| Work to complete |
Given these entries, repeat exactly the lines starting with the one that has "torrid size 1" and going on through the one that has "Verder op te", both included, but none of the pictures.

| Data records |
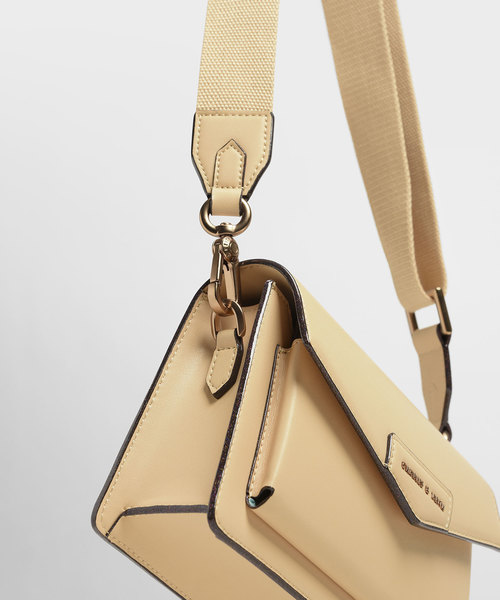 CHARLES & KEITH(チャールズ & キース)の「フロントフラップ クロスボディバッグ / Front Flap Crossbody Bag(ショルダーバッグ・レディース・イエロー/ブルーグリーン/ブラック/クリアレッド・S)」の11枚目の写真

--

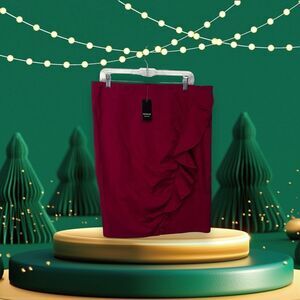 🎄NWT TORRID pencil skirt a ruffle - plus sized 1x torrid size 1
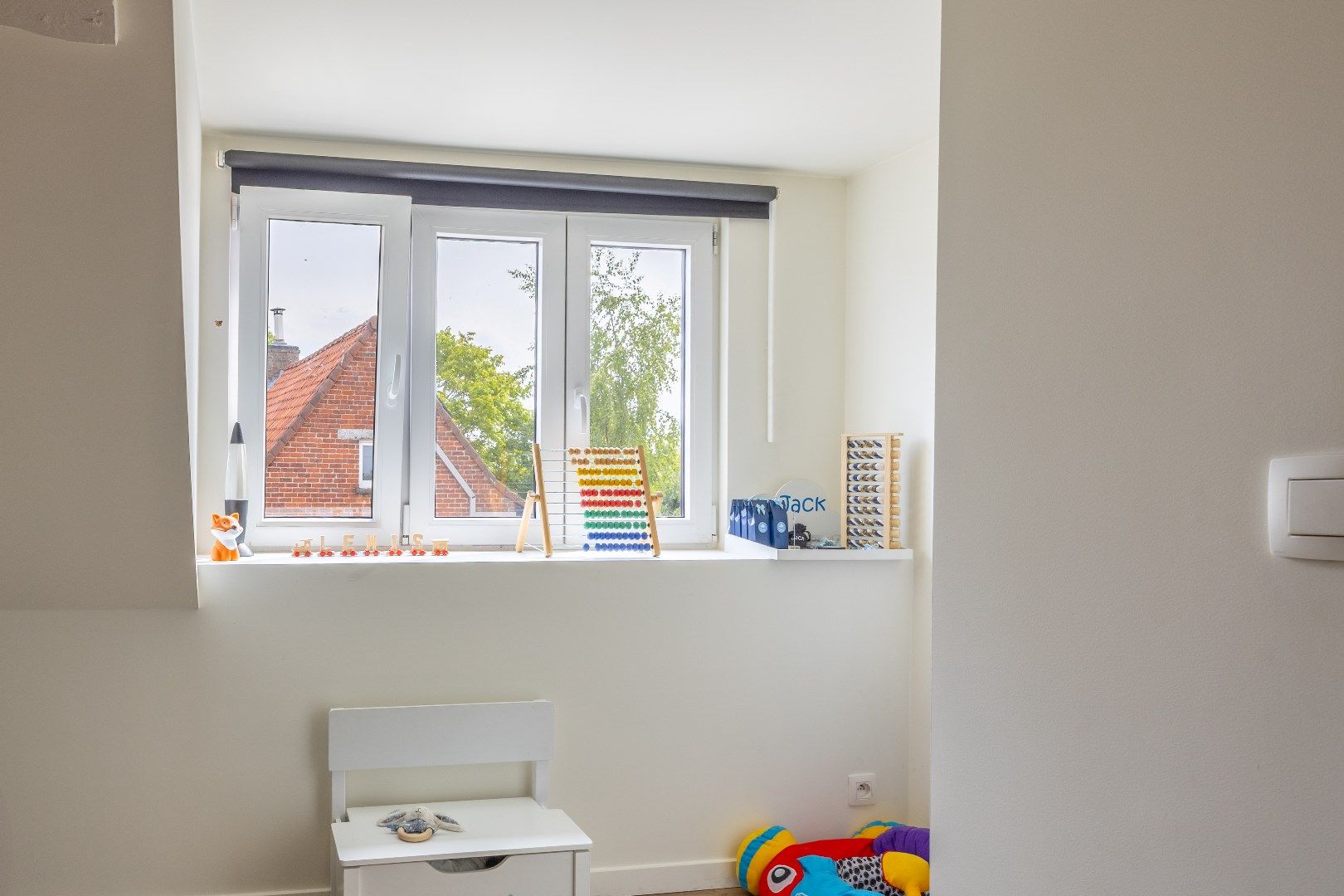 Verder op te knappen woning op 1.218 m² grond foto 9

--

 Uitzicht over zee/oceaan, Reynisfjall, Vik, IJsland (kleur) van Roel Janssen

| Written response |
 🎄NWT TORRID pencil skirt a ruffle - plus sized 1x torrid size 1
 Verder op te knappen woning op 1.218 m² grond foto 9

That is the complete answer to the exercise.